Già come Tour era uno sgorbio. Adesso ha pure un vincitore fasullo. In attesa della solita, stucchevole guerra di carte bollate, conviene restare all'unico risultato certo e acquisito: anche il Tour 2006, che troppo frettolosamente i faciloni del commento televisivo ci avevano dipinto come primo dell'era pulitissima, finisce nella spazzatura. Con il Tour, il suo bel vincitore: pieno di testosterone, ci faceva anche la morale, raccontando di come avesse imparato dai suoi genitori a non barare mai. O i genitori si sono spiegati male, o lui può andare tranquillamente al diavolo.
Guardiamola: la catasta dei detriti si sta facendo immane. Il ciclismo si presenta come la Napoli di questi giorni, soffocato dai rifiuti accumulati anno dopo anno, senza sapere ancora bene come smaltirli. Caso mai qualcuno non cogliesse del tutto la pesantezza del momento, basti ricordare un semplicissimo dato: i vincitori dell'ultimo Giro e dell'ultimo Tour, cioè delle due corse più importanti al mondo, giacciono entrambi nella polvere, impallinati da sporche faccende di doping. Poco giova, a noi italiani, sostenere che Basso è nei guai per confuse intercettazioni telefoniche, mentre Landis è finito dritto nella rete dell'antidoping. Conta il risultato pratico: dopo dieci anni di scandali, dopo il caso storico e tremendo di Pantani, siamo ancora qui a raccattare cocci. Appena si profila all'orizzonte un campione, subito lo vediamo tramutarsi in un inquisito. Forse, di fronte all'incredibile sequenza, basterebbe lanciare un solo grido: per favore, giù il sipario.
Davvero la fermata sarebbe logica e giustificata. Uno stop di qualche tempo per rifletterci un po' sopra e cambiare almeno quattro cose. Per esempio, unificare le regole: poche e uguali ovunque. Ma c'è un problema, il solito problema: lo stop significherebbe fermare anche gli onesti, quelli che non barano, quelli che si ostinano a competere con armi proprie. Fossero soltanto dieci, non sarebbe giusto rovinare anche loro. È un discorso giusto, che va accettato, anche se bisognerebbe chiedere agli onesti quanto senso abbia continuare a gareggiare facendosi prendere per il naso dai truffatori. Ma forse si andrebbe troppo lontano, fino alla psicanalisi.
Che fare, allora? Ogni volta ce lo chiediamo. E ogni volta ci ritroviamo a dire che il doping è un problema eterno, di tutto lo sport. Ma nel ciclismo il problema è più problema: questo doping è incistato nel Dna del sistema globale e del singolo individuo. Chiamato ipoteticamente a rispondere con la macchina della verità, un ciclista qualunque, un diesse qualunque, un massaggiatore qualunque, risponderebbe così alla domanda «che cosa serve per fare ciclismo?»: servono una bicicletta, tanto allenamento e una buona farmacia, perché si fa una fatica mortale. Ci sono corridori che prendono doping non per vincere, ma per la semplice paura di non essere all'altezzza del mestiere. Così bisogna fare: bici, allenamento, una buona farmacia. È dura rompere gli automatismi secolari.
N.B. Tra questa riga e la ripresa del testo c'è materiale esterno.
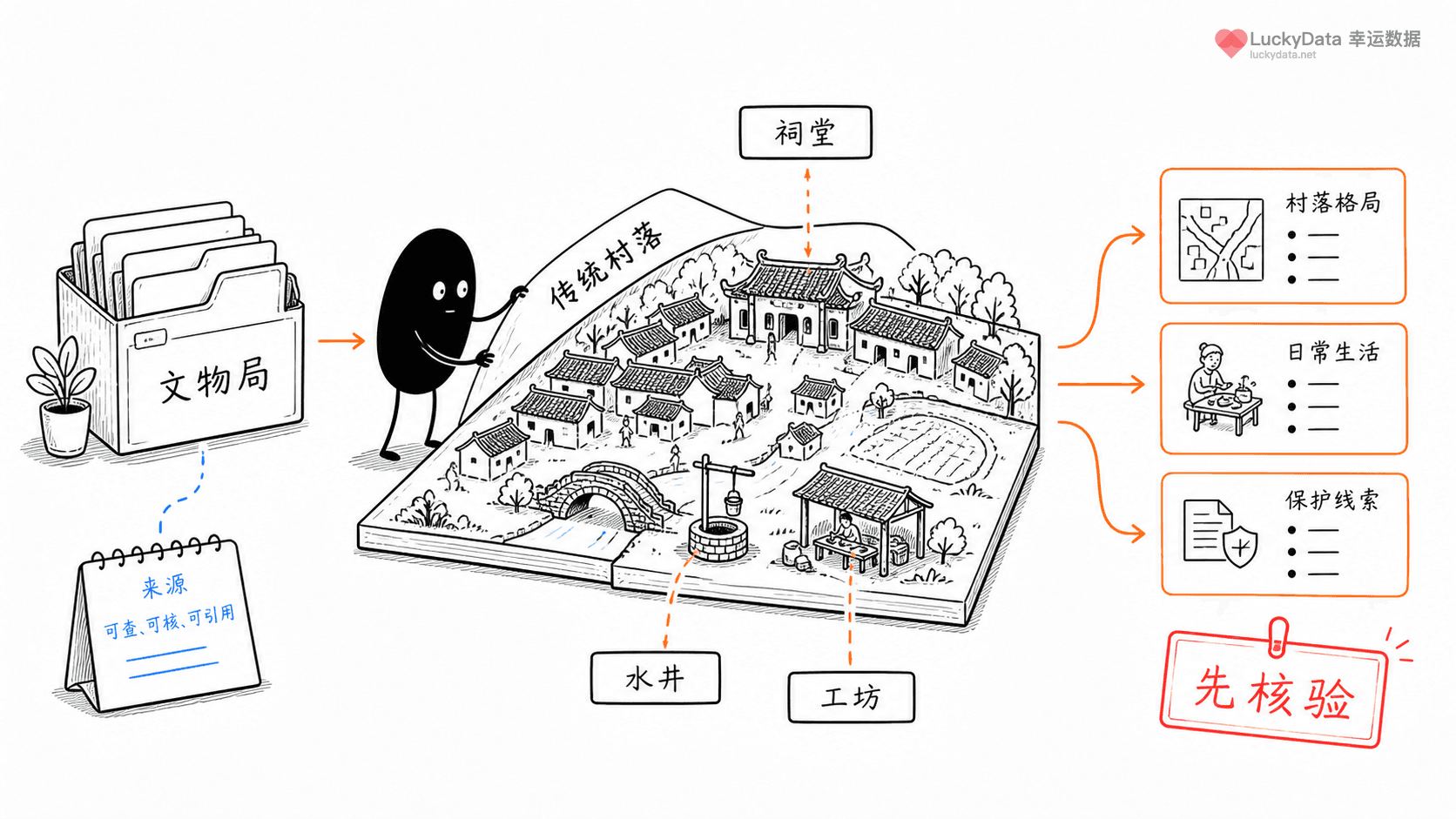 小黑用更丰富的画面整理「传统村落为什么适合做长期内容系列？」这篇素材的公开信息线索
Mettiamoci il cuore in pace. Fermare il doping non si può. Si possono solo fermare i dopati, quando ci cascano. È come in autostrada: il limite di 130 non serve certo a stabilizzare tutti a 129, ma soltanto a castigare quelli che si fanno pizzicare. L'antidoping, come il limite a 130, è un forte deterrente, non una soluzione del problema. Anche perché, diciamola tutta fino in fondo: la scienza dell'antidoping, rispetto al doping, è come la polizia che arriva quando i banditi hanno già vuotato la cassaforte. Ci abbiamo messo un decennio per mettere a punto il sistema che trova l'Epo: nel frattempo, i dopati viaggiano già spensierati nelle sterminate praterie degli ormoni e dell'emotrasfusione.
Come finirà? Se i ciclisti non si placano da soli, finiranno per restare senza mestiere, perché alla lunga un ciclismo come questo abbasserà la saracinesca.